How to keep calathea alive and thriving in a UK home — the honest guide to humidity, hard water, light, and why this plant struggles in most British homes and what to do about it.

19 April 2026
Calathea Care UK: The Complete Indoor Guide

Calathea has a reputation for being difficult, and in UK homes specifically, that reputation is earned. British tap water, central heating, and the low winter light levels that most UK rooms experience combine to create conditions that challenge calathea at almost every point in its biology.

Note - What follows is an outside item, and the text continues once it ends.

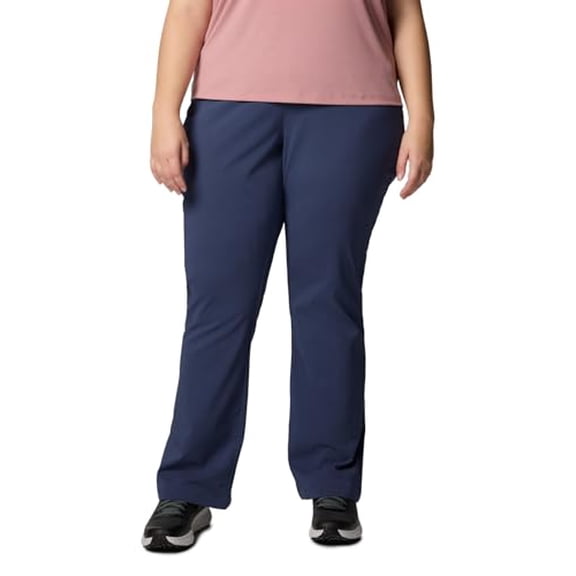Columbia Women's Anytime Bootcut Pant II Noir Size 1X Long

This guide doesn’t pretend otherwise. But it does explain why calathea is difficult — and that understanding changes the care entirely. Most calathea deaths in UK homes come from two specific, fixable problems: the wrong water, and not enough humidity. Address both, and the plant becomes significantly more manageable.

What Calathea Is

Calathea (which now encompasses many plants reclassified under Goeppertia in recent taxonomy, though the common name persists) is a genus of tropical plants native to the rainforest floors of Central and South America. They evolved under a dense canopy with filtered light, consistent warmth, high humidity, and naturally soft rainwater.

UK conditions offer almost none of this by default. The water is hard in most of England and Wales. The air is dry in centrally heated homes. Winter light is low. This is not a plant that will forgive being treated like a pothos.

The reward for getting it right is genuine: the leaf patterning on calatheas — stripes, feathering, deep purples, silver overlays — is some of the most extraordinary in the houseplant world. And the nyctinastic movement, the way the leaves fold upright at night and open again in the morning, is one of the more genuinely surprising things a houseplant can do.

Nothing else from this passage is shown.